One of Margery’s sons is employed by a Lynn burgess as an overseas merchant. She encourages him to pursue a religious life, but he ignores her and engages in lechery, despite her cautions. He becomes ill with a sickness that resembles leprosy, and his employer shuns him. Her son believes Margery has cursed him. Eventually, however, he asks her to intercede with God on his behalf: “Then she, trusting in his mending and having compassion for his infirmity, with sharp words of correction, promised to fulfill his intent, if God would grant it” (226). God answers her prayers and restores her son’s good health. He marries a woman in Prussia, and they have a daughter. Margery thanks God and asks to see her son again before she dies.
Margery’s son visits England. She notes that her son now dresses humbly and speaks virtuously. He credits his mother for his changed manner. He makes pilgrimages to various sites, including Rome, and asks his wife to return with him to England. He informs Margery of his plans via letter, and she prays for the couple’s safe travel, which God ensures. Her son becomes ill soon after their arrival and dies a month later. Shortly thereafter, John Kempe also dies. Margery’s daughter-in-law remains in England for over a year before deciding to return home. Margery prays, asking God if she should ask her confessor permission to accompany her daughter-in-law on the overseas journey. God tells her not to bring it up with the confessor, so Margery believes she will not travel abroad. She is relieved because she fears sea travel.

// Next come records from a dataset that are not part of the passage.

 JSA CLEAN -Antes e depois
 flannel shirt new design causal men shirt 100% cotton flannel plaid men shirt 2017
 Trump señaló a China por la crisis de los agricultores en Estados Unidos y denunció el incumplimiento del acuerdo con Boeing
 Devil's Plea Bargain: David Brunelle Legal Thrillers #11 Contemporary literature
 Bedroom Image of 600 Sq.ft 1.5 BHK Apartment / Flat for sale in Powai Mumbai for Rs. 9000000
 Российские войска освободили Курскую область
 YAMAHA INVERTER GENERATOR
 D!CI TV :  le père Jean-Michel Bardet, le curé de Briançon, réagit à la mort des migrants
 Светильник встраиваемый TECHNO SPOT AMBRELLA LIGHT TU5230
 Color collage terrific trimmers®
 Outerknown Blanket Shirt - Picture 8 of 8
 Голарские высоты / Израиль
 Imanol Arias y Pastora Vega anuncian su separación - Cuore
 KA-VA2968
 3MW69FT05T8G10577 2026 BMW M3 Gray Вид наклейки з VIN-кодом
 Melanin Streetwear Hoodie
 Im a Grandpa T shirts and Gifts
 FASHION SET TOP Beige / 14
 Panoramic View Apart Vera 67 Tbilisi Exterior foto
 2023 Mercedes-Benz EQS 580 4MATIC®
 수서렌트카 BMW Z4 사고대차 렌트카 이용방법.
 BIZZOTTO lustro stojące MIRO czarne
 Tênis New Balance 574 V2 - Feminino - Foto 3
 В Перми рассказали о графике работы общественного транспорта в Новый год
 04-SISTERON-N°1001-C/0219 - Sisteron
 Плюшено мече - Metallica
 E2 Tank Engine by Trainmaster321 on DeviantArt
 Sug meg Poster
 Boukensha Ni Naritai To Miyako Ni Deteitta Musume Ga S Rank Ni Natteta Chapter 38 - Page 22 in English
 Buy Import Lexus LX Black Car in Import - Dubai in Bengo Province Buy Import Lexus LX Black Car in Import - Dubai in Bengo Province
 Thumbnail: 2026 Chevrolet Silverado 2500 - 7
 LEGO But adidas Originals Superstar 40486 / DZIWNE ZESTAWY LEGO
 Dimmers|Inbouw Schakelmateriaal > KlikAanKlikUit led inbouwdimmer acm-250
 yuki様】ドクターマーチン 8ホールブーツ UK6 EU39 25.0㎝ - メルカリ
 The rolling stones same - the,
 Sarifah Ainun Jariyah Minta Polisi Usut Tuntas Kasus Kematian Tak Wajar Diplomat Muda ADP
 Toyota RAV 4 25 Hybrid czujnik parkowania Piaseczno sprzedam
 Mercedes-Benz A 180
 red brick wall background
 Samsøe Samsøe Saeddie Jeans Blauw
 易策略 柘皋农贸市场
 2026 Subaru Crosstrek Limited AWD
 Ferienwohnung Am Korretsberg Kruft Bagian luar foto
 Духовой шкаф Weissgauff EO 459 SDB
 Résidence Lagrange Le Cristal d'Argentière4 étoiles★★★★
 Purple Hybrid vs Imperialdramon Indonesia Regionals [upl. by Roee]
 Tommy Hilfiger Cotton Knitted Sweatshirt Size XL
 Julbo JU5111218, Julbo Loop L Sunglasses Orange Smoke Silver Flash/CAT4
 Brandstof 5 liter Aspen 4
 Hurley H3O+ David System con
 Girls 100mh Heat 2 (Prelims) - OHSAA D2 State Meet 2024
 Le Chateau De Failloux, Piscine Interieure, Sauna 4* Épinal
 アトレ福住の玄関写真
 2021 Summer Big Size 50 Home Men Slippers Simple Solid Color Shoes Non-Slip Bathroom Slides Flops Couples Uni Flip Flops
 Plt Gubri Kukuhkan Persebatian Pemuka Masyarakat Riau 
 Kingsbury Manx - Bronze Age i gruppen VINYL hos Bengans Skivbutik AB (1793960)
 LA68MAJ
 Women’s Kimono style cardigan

Margery asks her confessor to travel with her daughter-in-law as far as Ipswich, where she will board a ship. He consents; however, Margery is “continually commanded in her soul to go over the sea with her daughter-in-law” (230). Christ promises to provide for her and guarantees her safety. She consults a friar along the way who tells her she must obey God’s will. Margery boards the ship to the dismay of the hermit that has served as an escort along the way. Some disprove of her decision because of her age while others view it as “a very charitable deed” (232).
God comforts Margery when storms arise during the sojourn to Prussia. He reminds her to take comfort in her faith and his love. The ship lands in Norway on Good Friday and the party spends Easter there: “After the custom of the country, the cross was raised at about noon, and she had her meditation and her devotion with weeping and sobbing as well as if she had been at home” (234). The party sails to Germany the following Monday under good conditions.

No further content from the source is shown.